/dfdl-praat-textgrid-schema

DFDL schemas Praat TextGrid

GNU General Public License v3.0GPL-3.0

DFDL parser/unparser for Praat TextGrid and XML

This is a first try on a Data Format Description Language (DFDL) parser and unparser for Praat TextGrid files. The DFDL schema enables to read and modify TextGrid files using XML technology. This makes possible lossless archiving of original TextGrid files alongside a XML database. XML technology can be used to create interfaces and adapters between different data formats.

The XML schema is not definite yet. Any comments welcome.

The situation

In many linguistics communities there exists now the need for writing their own parsers and serializers (in DFDL parlour 'unparser') for Praat TextGrid files. Using DFDL for this purpose would remove the need for writing these pieces of software code and would directly make possible integrating TextGrid files in XML-based work-flows. Externalizing this dependency would make it possible to archive original Praat TextGrid data files and also keep them updated when the contained data is updated in any database.

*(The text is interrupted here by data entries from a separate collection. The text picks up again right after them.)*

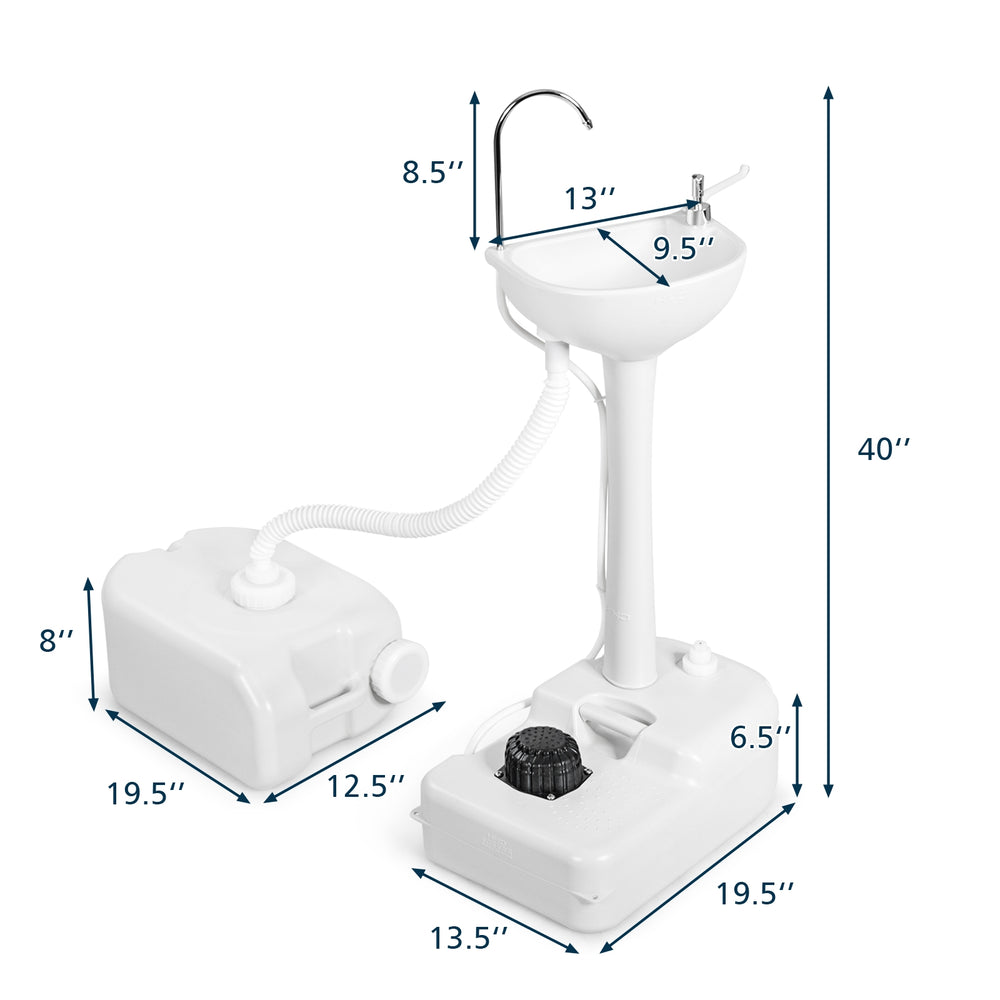 Camping hand wash station with 4.5-gallon tank, featuring a soap dispenser and telescopic hose for easy hygiene access.
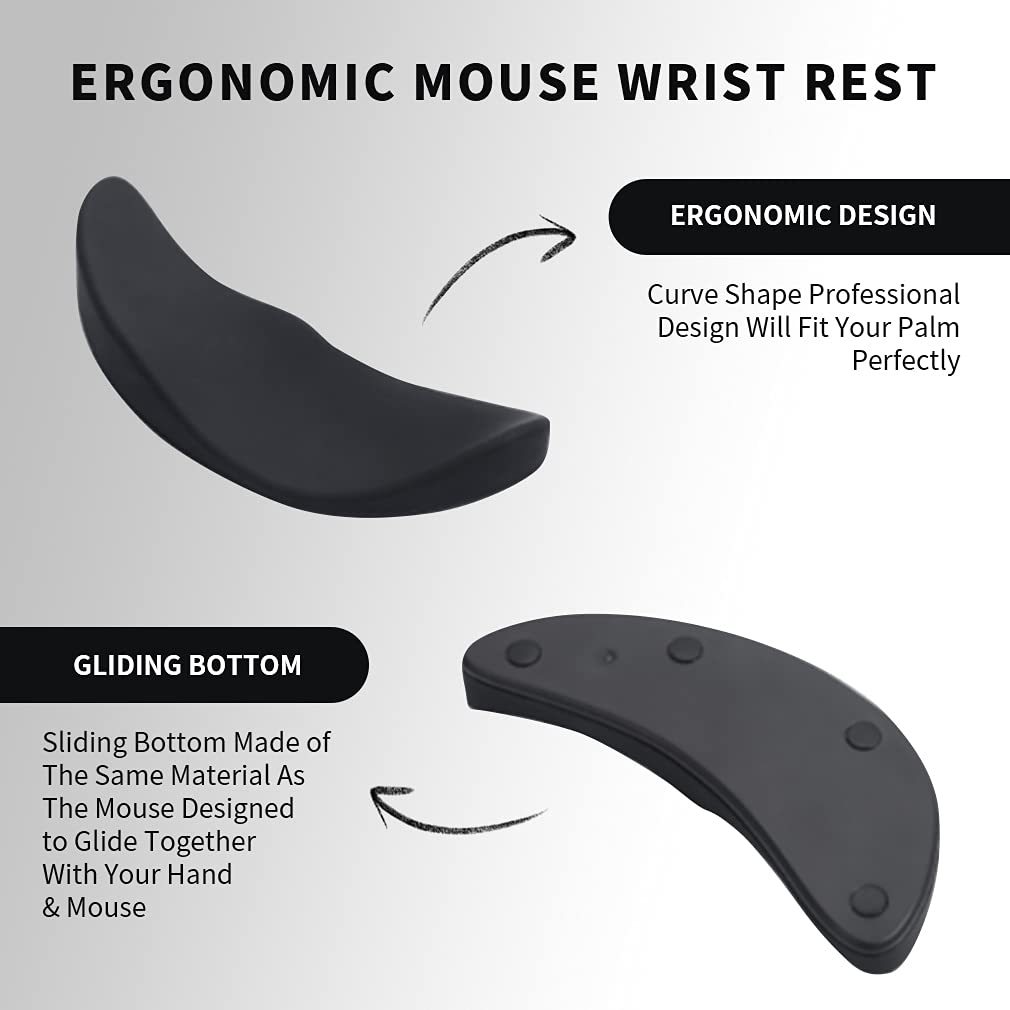 Ergonomic Mouse Wrist Rest Mouse Pads Silicon Gel Non-Slip Streamline Wrist Rest Support Mat Computer Mouse Pad For Office Gaming PC Accessories - 𝓢𝓱𝓸𝓹𝓵𝓮𝓬𝔂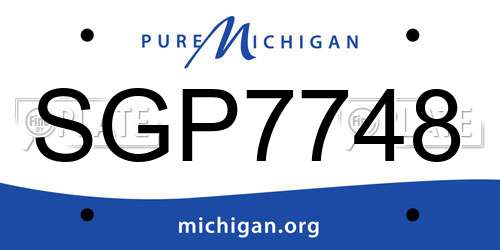 SGP7748 Michigan License Plate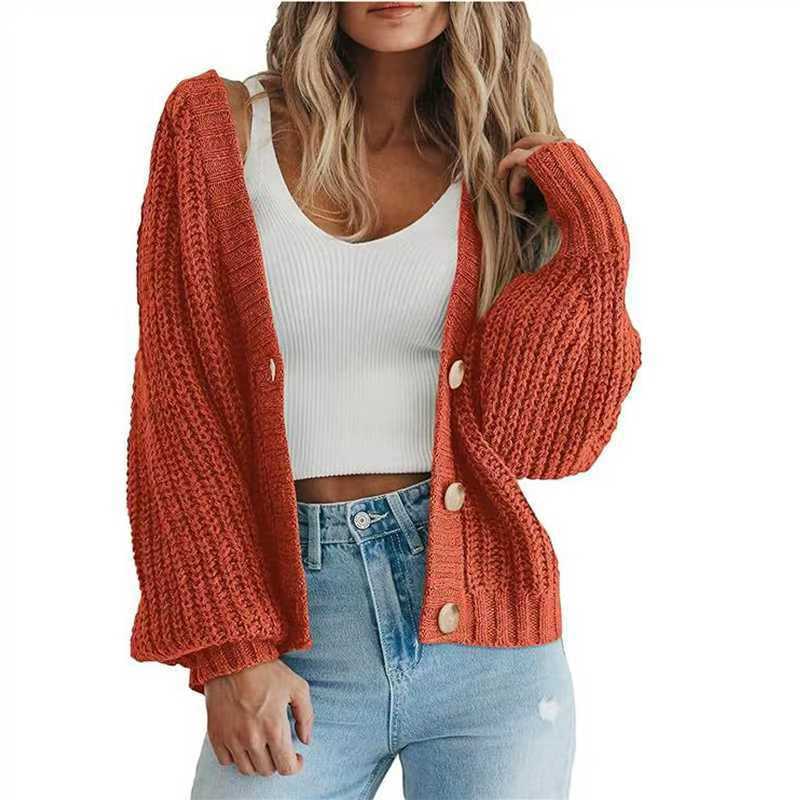 Chunky Knit Balloon Sleeve Button Cardigan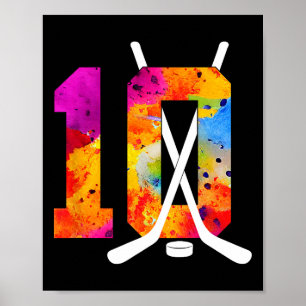 Number 10 Years Ice Hockey 10th Birthday (2) Poster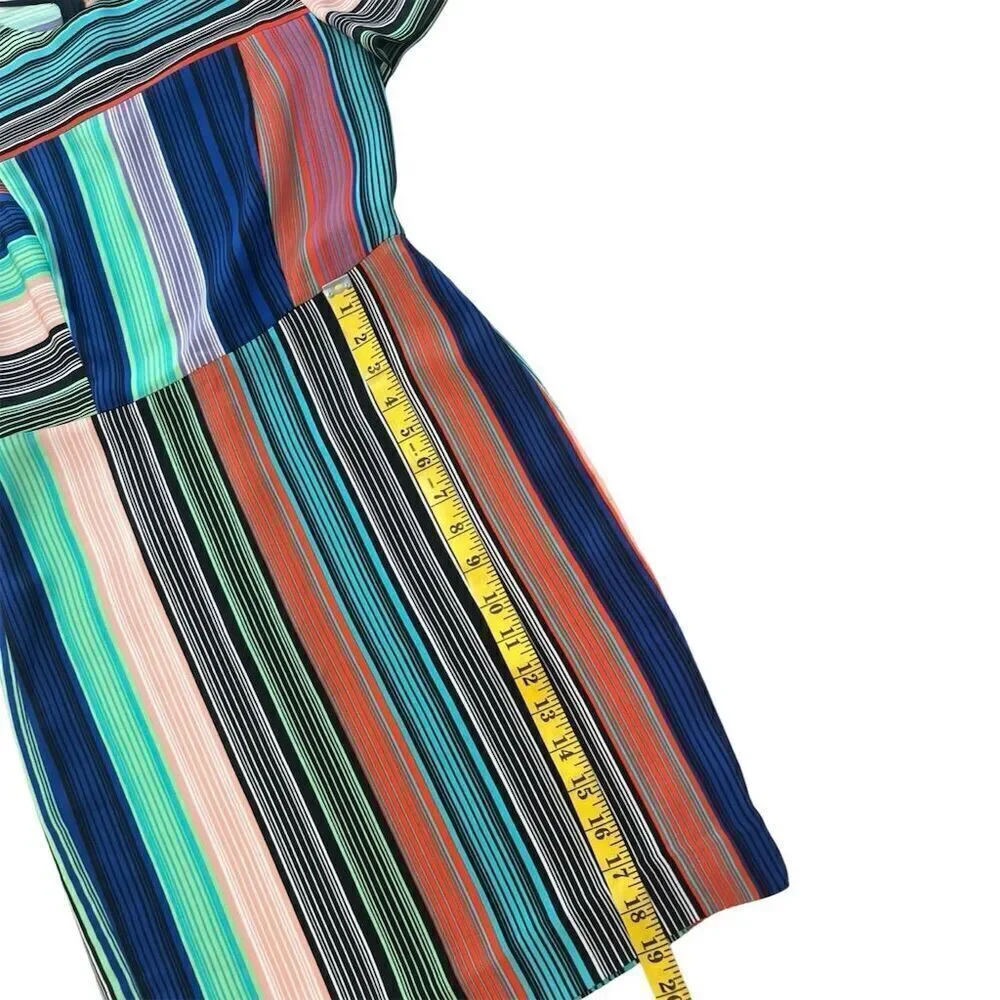 Diane von Furstenberg Women's Striped Knee Length Dress Size 2 Multicolor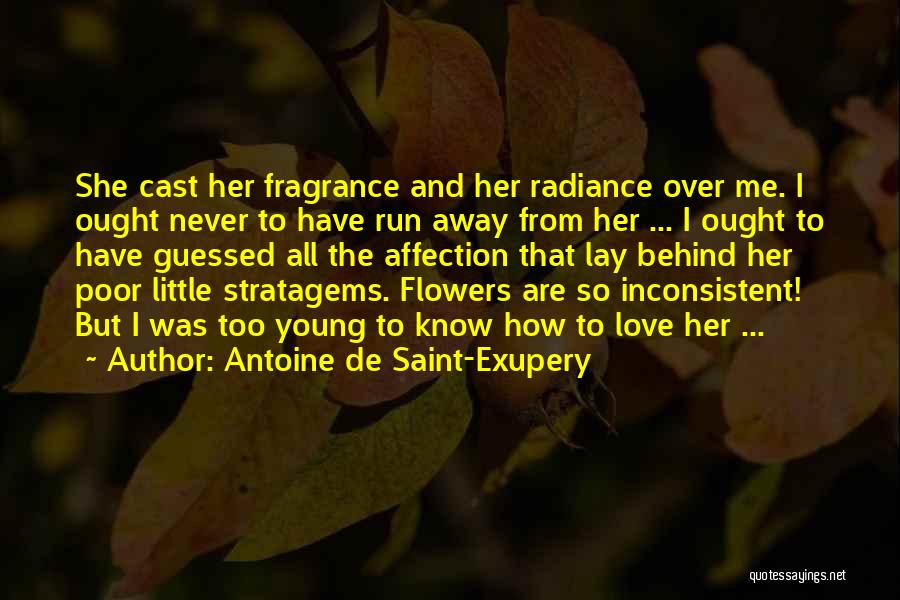 Antoine De Saint-Exupery Quotes: She Cast Her Fragrance And Her Radiance Over Me. I Ought Never To Have Run Away From Her ... I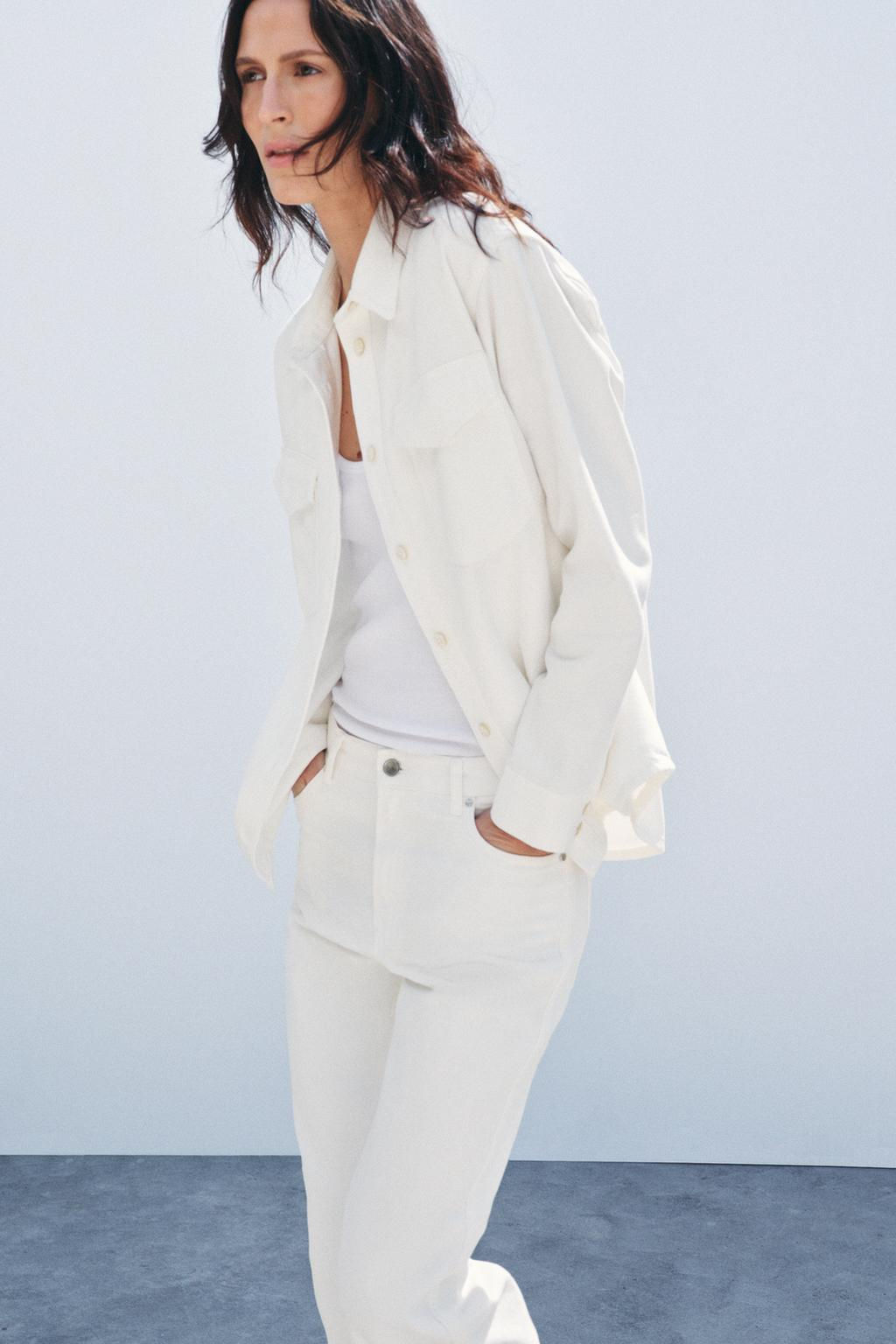 ZW COLLECTION CROPPED STRAIGHT HIGH-WAIST JEANS - Zara фото 4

XML structure of Praat TextGrid files

The current logical structure of the XML schema of TextGrid files is pictured below. The schema is not definite yet. The structure is meant to be simple and descriptive and map one-to-one to the textual format of TextGrid files.

<praat>
  <fileType>ooTextFile</fileType>
  <objectClass>TextGrid</objectClass>
  <xMin>0</xMin>
  <xMax>2</xMax>
  <tiersExists>exists</tiersExists>
  <numberOfTiers>10</numberOfTiers>
  <items>
    <item>
      <itemNum>1</itemNum>
      <class>IntervalTier</class>
      <name>word</name>
      <xMin>0</xMin>
      <xMax>2</xMax>
      <intervalsSize>8</intervalsSize>
      <intervals>
        <interval>
          <intervalNum>1</intervalNum>
          <xMin>0</xMin>
          <xMax>0.061199346418562</xMax>
          <text>noh</text>
        </interval>
        <!-- snip! -->
      </intervals>
    </item>
    <!-- snip! -->
    <item>
      <itemNum>10</itemNum>
      <class>IntervalTier</class>
      <name>other</name>
      <xMin>0</xMin>
      <xMax>2</xMax>
      <intervalsSize>1</intervalsSize>
      <intervals>
        <interval>
          <intervalNum>1</intervalNum>
          <xMin>0</xMin>
          <xMax>2</xMax>
          <text />
        </interval>
      </intervals>
    </item>
  </items>
</praat>

The example data originates from the Phonetic Corpus of Estonian Spontaneous Speech (direct link to the search engine).

Creating XML from Praat TextGrid files

The DFDL schema has been developed and tested using the open source tool Daffodil.

Parsing the example TextGrid file.

$ ../bin/daffodil parse --schema ./PraatTextGrid.dfdl.xsd ./examples/ekskfk_miski_1.TextGrid

Creating Praat TextGrid files from XML

Un-parsing the parsed example XML infoset back to TextGrid text file.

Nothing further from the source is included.